We perked up, entrusted our handbag to Farooq-Sahab, stuffed our fingers in our shell-like ears, and stood some 25 foot away from the spot. Next thing we knew, we were on the tar and a huge column of black smoke was rising in the air. Honestly, the sound of an IED blast cannot be prepared for: "loud," "ear-shattering," can't begin to describe it. Even after anticipation, it still made our heart flutter for minutes later. We do not understand how people survive an unexpected explosion! Anyway, it was a good thing, for our sorry state brought us some attention from the young instructors: Captain Rishi Khosla of Garhwal Rifles, a capped Punju with two commendation medals; Captain Luwangcha of our Maratha LI, a witty Mizo just in from J&K; and Major T.S. Hothi of Jat Regiment, a gorgeous, turbaned Sikh. We chatted awhile and left - had to prepare for rum time...

That evening was a particularly raucous one - the senior officers had stayed away from the mess. We were irritating the heck out of the oh-so-politically-correct students when this frail young man in a jazzy pullover, a thick chain around his neck, and a haircut we could die for, walked in and asked us for a cigarette. We had no clue who he was but obliged, and he left. "Looked like he just stepped out of Delhi's discos! What's a trendoid doing in a place like this?" we muttered.

Our bar-buddy replied, "Oh really! You should've seen him two months earlier. He lived in a filthy Pathani and had a beard up to here when he infiltrated the mujahideen. Got a commendation for it, too." Commendation...? Omigawd, it was Captain Rishi Khosla! We dragged out the story: "Information came in that Arifullah would be meeting his girlfriend in Srinagar's Nishat Garden one afternoon. Rishi and two others who were detailed to nab him sat with a hookah, keeping watch. The UG [army for "underground"] came and met the woman, but before the team could make a move, he saw and recognised the informant who was there to point him out. Arifullah got suspicious and ran for it. Rishi chased him over the slopes and bushes and caught up with him.

UG drew a grenade and pulled out the pin, but Rishi was too close to him for the grenade to be safely thrown. And in that split second, Rishi leapt on him and tightly held the fist with the grenade closed. A struggle ensued aur dono liptey. Arifullah was hatta-katta and 6 feet tall, and yet Rishi managed to hold him off, keep his fist closed, and hit him on the head with the butt of his gun. UG went down, the rest of the team arrived, and grenade mein maachis laga di...Don't go by appearances; changing them is part of CI Ops."

We were still marvelling about the power of mind over matter and what makes the Indian soldier such a force to reckon with, when in walked a gorgeous guy with another great haircut and said to us: "I'm trying to get Rishi to quit smoking and you're plying him with cigarettes..." Excuse me, do I know you?! "Hothi, ma'am." Rot! He's a Sardar! "Yes, ma'am, I'm still a Sardar. But I've cut my hair and am awaiting permission from the army to shed my turban and shave off my beard." Permission? "For the id card.
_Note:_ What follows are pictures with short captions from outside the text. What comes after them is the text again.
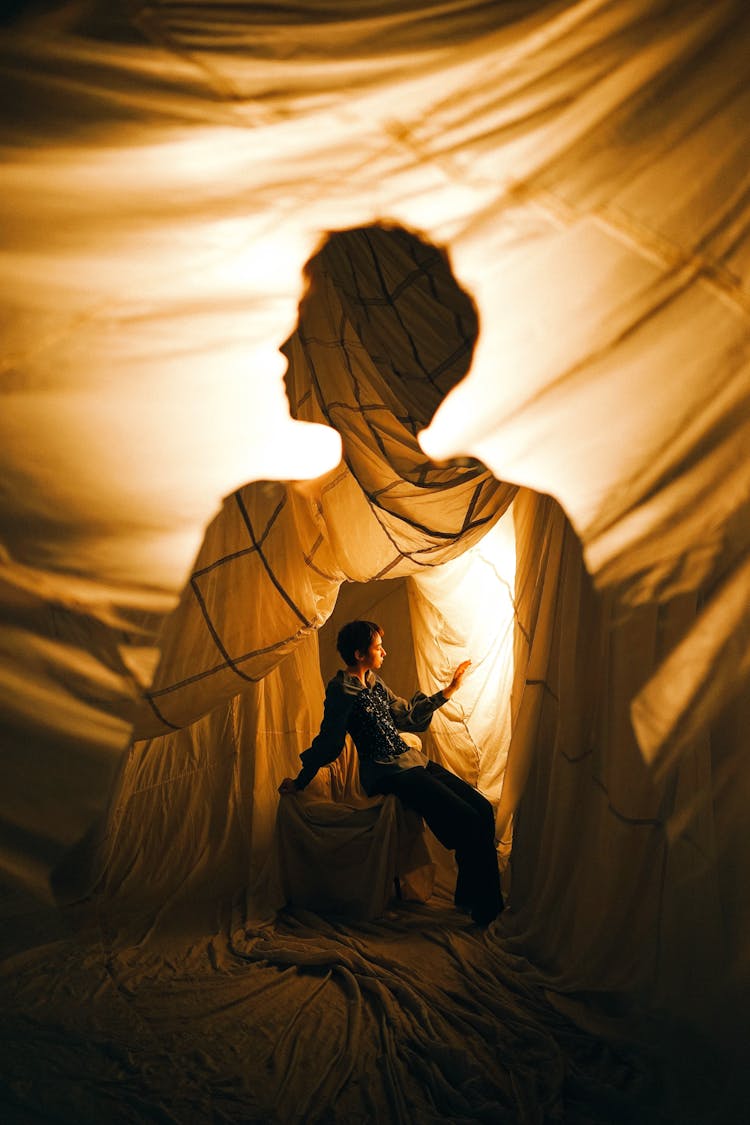 Woman Sitting In Fabric Posing In Studio 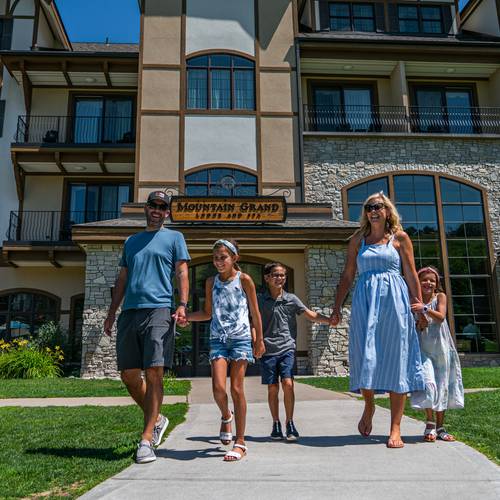 Family walking out of Mountain Grand Lodge and Spa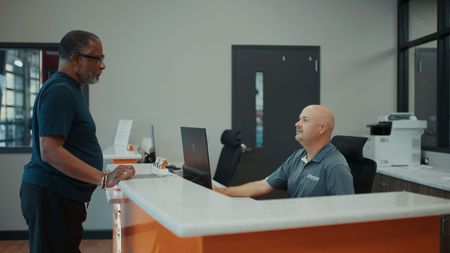 Man at a white counter speaking to a person behind a desk in an office setting. | Torque European Car Care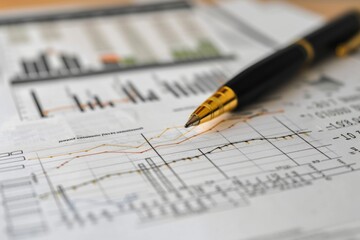 Close-up of a sophisticated financial analysis with a luxurious golden pen, highlighting the meticulous study of market trends on paper.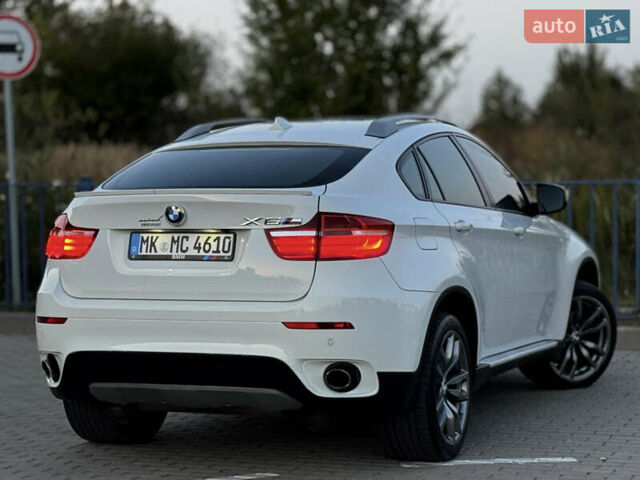 Белый БМВ Х6, объемом двигателя 3 л и пробегом 200 тыс. км за 22800 $, фото 32 на Automoto.ua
Or it will confuse security." But how in heaven's name could you do it?! "After a while the turban hurts my ears, I get a headache, and when I'm in the field, that makes me very irritable. That's not good for my men. My comfort is their comfort. So I had no choice but to discard it."  Comrades before self... Nation before self...
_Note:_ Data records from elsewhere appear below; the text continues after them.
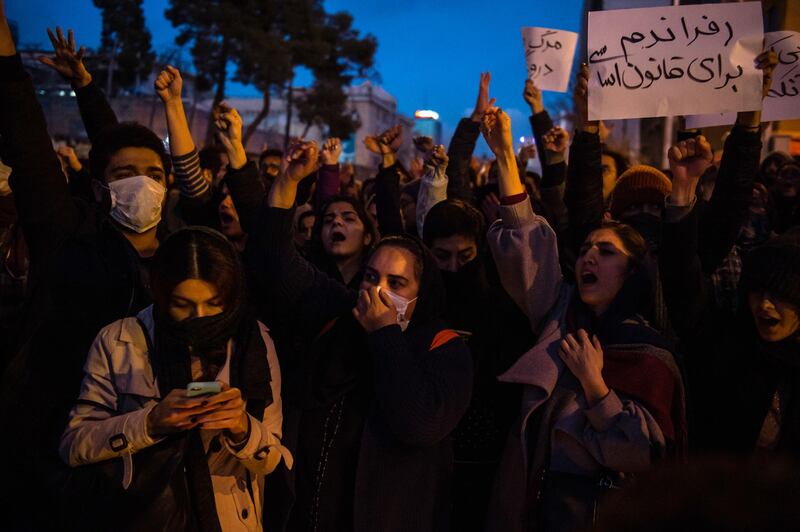 Demonstrators chant while gathering during a vigil for the victims of the Ukraine International Airlines flight that was shot down by Iran, in Tehran, Iran. Bloomberg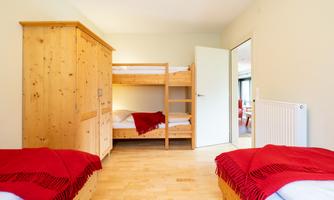 A simple bedroom with a loft bed and two single beds. There is a built-in wardrobe and bright walls.
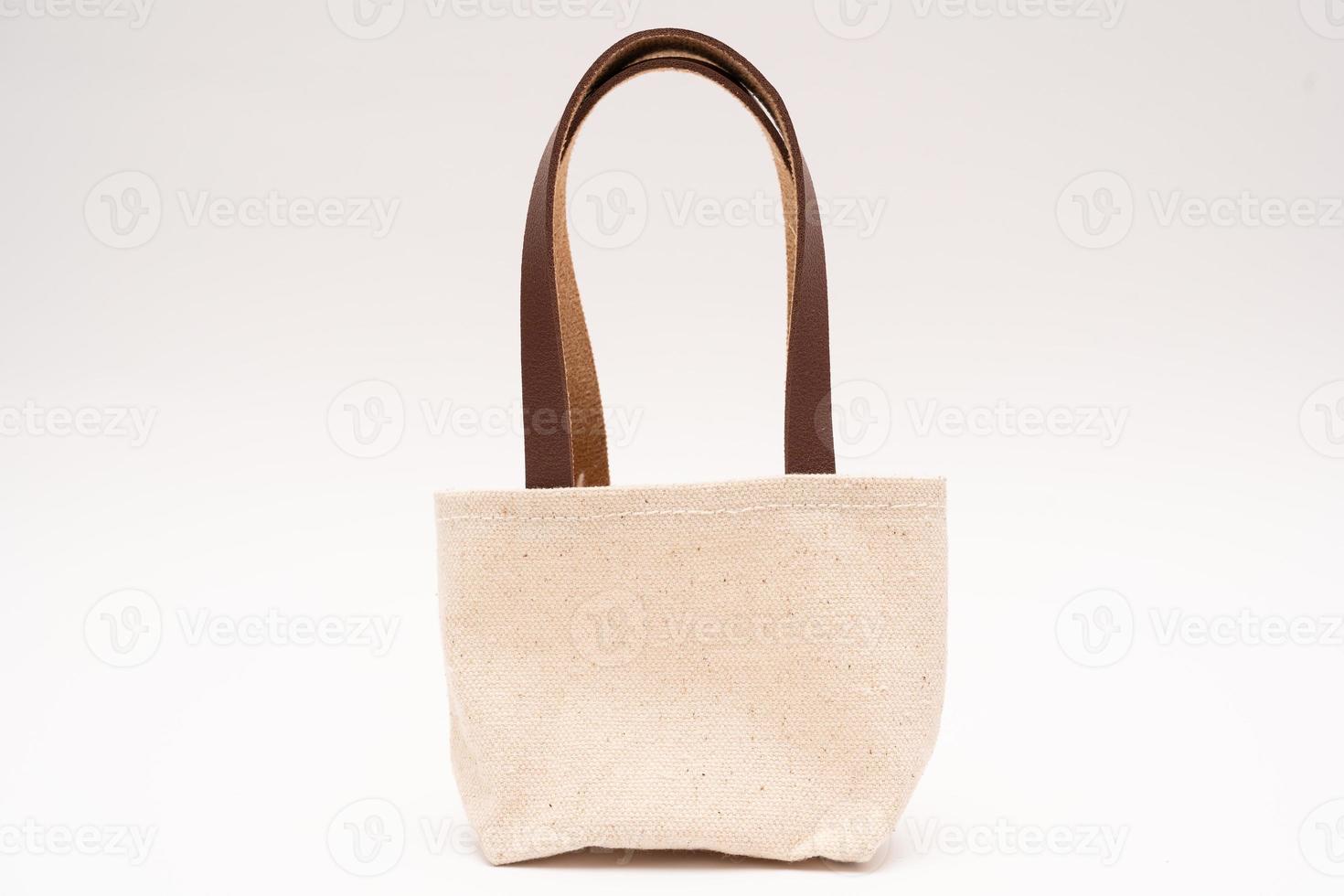 piccolo pieno tela Borsa con cravatte, riutilizzabile eco Borsa. vuoto piccolo cotone Borsa con corda su bianca sfondo. foto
When we got back and showed the photographs of the NE terrorists to a friend, he said, "It's pathetic; they're so young to kill and die! Soldiers are one face of the coin, terrorists are the other." And we recoiled in fury. Every person *has* a choice - the choice to attack, destroy and murder innocents, and the choice to kill in defence. Men like Khosla and Hothi and the scores of soldiers we've met can in no way be compared to rapists, arsonists, pillagers and murderers. We realise that we land up telling you less about the NE and the CIJWS and more about the people who fascinated us. Point is, none of it would have existed if not for the human factor - the individual who holds up and holds forth for us. He has always been and will always remain our primary refrain.